Highlights
VanEck Morningstar Wide Moat (AUD Hedged) ETF delivered a substantially larger distribution than its unhedged counterpart.
Currency hedging created noticeably different distribution outcomes despite both ETFs following the same underlying investment strategy.
The latest payout has renewed attention on Australia's ETF Stocks sector.
VanEck's latest distribution season highlights how currency hedging can significantly influence ETF income outcomes even when funds track the same global equity strategy.
Australia's ETF market has once again highlighted how investment structure can influence income outcomes. VanEck Morningstar Wide Moat (AUD Hedged) ETF (ASX:MHOT) has drawn fresh attention after delivering a significantly larger distribution than its sister fund, VanEck Morningstar Wide Moat ETF (ASX:MOAT). While both funds invest in the same collection of US companies, the latest distribution season demonstrated how currency hedging can reshape cash distributions for Australian unitholders.
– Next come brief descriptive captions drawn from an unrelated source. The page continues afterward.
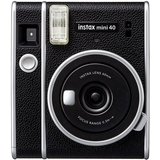 FUJIFILM Fujifilm Instax Mini 40 EX D schwarz Sofortbildkamera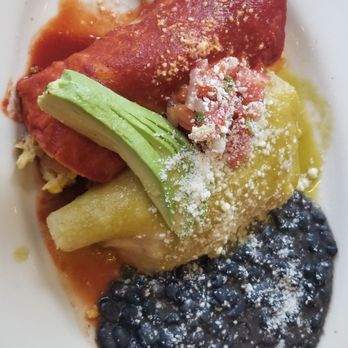 Eat Chow - Breakfast enchiladas, pretty good. - Breakfast & Brunch Near Me - Costa Mesa, California
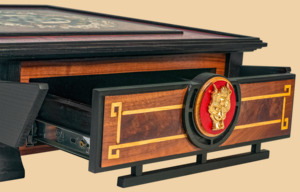 Шахматы, нарды, шашки Япония (мини)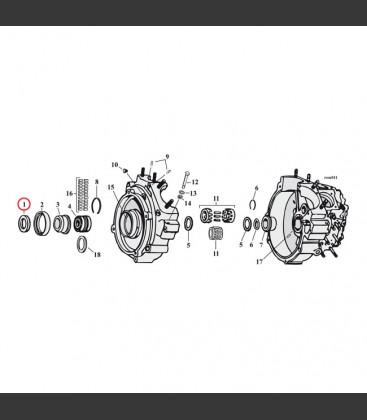 SPROCKET SHAFT SPACER SHIM .090 INCH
The development has also placed international ETFs back in focus across the ASX 200 .
A distribution gap driven by currency strategy
VanEck Morningstar Wide Moat (AUD Hedged) ETF delivered a considerably larger distribution than its unhedged counterpart during the latest payment cycle.
Although both ETFs follow Morningstar's Wide Moat investment methodology and invest in a similar portfolio of quality US companies, the difference in distributions was primarily driven by the way each fund manages foreign exchange exposure rather than differences in stock selection.
The latest distribution illustrates that two funds tracking the same investment strategy can still generate materially different cash-flow outcomes.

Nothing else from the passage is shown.